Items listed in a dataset
--- START ---

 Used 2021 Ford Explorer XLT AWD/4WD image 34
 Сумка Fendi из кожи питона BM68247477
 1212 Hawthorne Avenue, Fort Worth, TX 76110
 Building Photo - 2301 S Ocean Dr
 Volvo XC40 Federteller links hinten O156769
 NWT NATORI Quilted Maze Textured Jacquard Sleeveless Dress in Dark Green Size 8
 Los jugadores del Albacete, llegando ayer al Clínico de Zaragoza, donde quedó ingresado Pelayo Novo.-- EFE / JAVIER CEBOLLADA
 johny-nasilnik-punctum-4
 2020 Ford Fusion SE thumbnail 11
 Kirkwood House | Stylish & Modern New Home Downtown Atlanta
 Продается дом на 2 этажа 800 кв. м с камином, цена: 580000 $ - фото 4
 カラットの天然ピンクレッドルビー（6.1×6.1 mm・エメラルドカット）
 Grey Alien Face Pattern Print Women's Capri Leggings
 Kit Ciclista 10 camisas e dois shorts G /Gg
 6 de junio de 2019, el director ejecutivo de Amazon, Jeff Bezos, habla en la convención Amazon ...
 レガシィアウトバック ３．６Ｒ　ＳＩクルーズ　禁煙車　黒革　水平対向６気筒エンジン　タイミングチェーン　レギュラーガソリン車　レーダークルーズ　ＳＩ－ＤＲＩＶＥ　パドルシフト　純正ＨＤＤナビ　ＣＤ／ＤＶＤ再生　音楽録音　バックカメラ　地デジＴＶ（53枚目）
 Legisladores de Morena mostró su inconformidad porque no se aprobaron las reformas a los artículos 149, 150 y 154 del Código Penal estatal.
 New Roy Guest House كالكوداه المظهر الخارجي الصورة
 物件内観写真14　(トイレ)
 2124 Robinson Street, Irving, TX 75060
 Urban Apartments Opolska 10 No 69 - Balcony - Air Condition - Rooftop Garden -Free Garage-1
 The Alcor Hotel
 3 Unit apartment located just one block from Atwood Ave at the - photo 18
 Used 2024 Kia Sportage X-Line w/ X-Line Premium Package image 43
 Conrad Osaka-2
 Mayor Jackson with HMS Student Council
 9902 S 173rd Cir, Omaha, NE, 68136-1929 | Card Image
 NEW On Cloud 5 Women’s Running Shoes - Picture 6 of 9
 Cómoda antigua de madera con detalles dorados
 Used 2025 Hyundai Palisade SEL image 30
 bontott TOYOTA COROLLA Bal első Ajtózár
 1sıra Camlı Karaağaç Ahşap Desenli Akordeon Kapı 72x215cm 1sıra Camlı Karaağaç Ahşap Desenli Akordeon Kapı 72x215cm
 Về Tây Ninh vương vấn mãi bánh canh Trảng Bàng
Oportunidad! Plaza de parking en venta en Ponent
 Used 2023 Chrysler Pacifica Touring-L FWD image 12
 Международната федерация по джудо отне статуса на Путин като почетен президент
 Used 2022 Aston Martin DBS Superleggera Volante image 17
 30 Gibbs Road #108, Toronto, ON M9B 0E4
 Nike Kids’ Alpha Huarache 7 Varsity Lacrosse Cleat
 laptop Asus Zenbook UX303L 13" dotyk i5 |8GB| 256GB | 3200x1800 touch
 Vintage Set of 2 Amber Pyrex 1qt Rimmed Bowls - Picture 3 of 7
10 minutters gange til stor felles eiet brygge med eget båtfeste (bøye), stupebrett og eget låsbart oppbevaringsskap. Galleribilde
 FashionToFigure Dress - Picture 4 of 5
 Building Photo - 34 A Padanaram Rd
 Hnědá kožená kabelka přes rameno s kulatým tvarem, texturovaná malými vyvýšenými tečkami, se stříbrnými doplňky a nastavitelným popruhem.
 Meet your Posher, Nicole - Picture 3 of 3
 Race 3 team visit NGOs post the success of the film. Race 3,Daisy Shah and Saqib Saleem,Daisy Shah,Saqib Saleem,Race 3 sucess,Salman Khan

--- END ---

◆ **What to do**:
List every line above containing the word "Building".

◆ **Worked solution**:
 Building Photo - 2301 S Ocean Dr
 Building Photo - 34 A Padanaram Rd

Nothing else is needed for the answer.